Operationalizing the Legal Principle of Data Minimization for Personalization
- Asia J. Biega ,
- Peter Potash ,
- Hal Daumé III ,
- Fernando Diaz ,
- Michèle Finck
SIGIR 2020 |
Article 5(1)(c) of the European Union’s General Data Protection Regulation (GDPR) requires that «personal data shall be […] adequate, relevant, and limited to what is necessary in relation to the purposes for which they are processed (‘data minimisation’)». To date, the legal and computational definitions of ‘purpose limitation’ and ‘data minimization’ remain largely unclear. In particular, the interpretation of these principles is an open issue for information access systems that optimize for user experience through personalization and do not strictly require personal data collection for the delivery of basic service.

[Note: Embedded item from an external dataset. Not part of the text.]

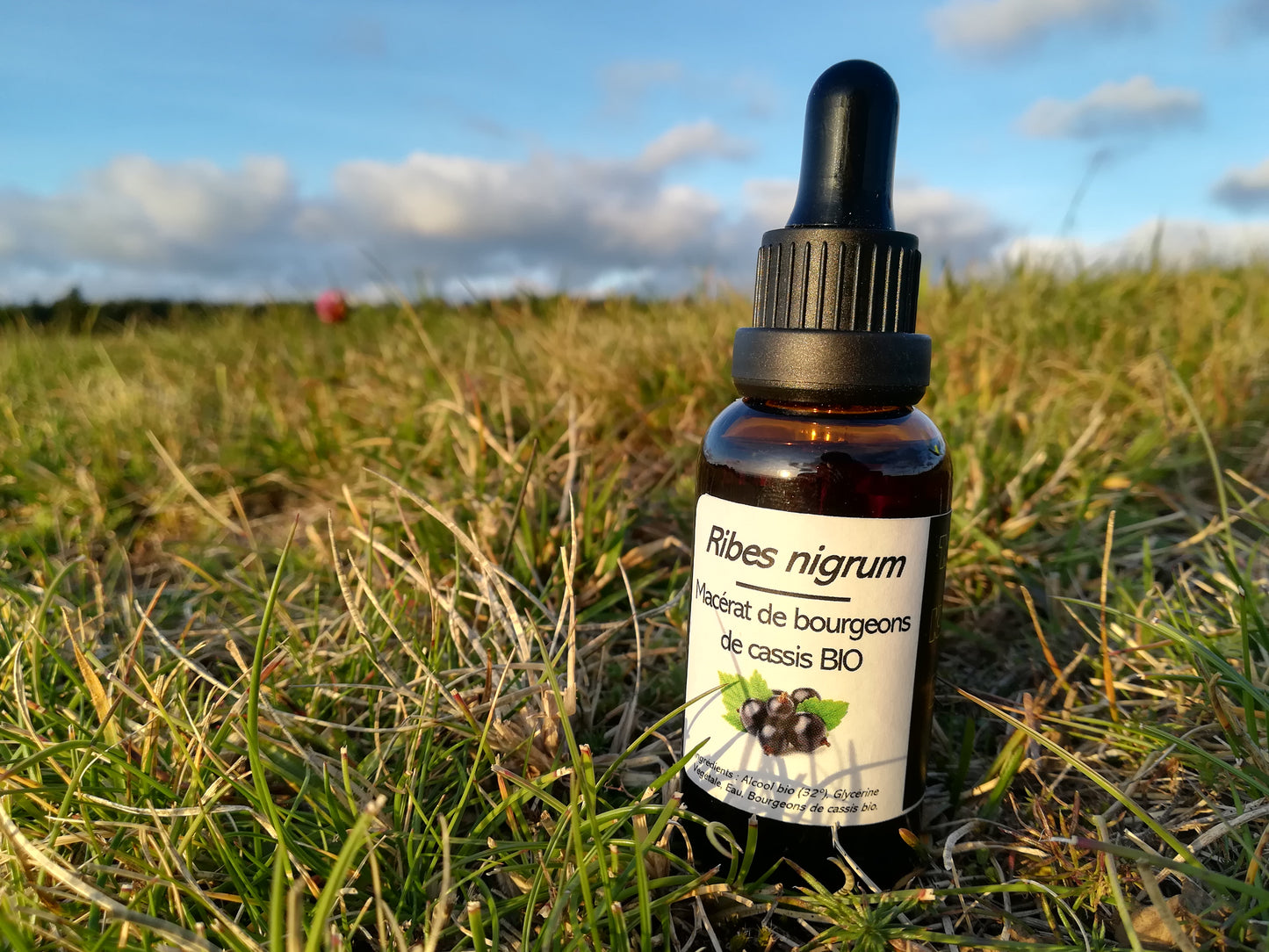Gemmothérapie de cassis BIO (Ribes nigrum) 30ml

In this paper, we identify a lack of a homogeneous interpretation of the data minimization principle and explore two operational definitions applicable in the context of personalization. The focus of our empirical study in the domain of recommender systems is on providing foundational insights about the (i) feasibility of different data minimization definitions, (ii) robustness of different recommendation algorithms to minimization, and (iii) performance of different minimization strategies. We find that the performance decrease incurred by data minimization might not be substantial, but that it might disparately impact different users—a finding which has implications for the viability of different formal minimization definitions. Overall, our analysis uncovers the complexities of the data minimization problem in the context of personalization and maps the remaining computational and regulatory challenges.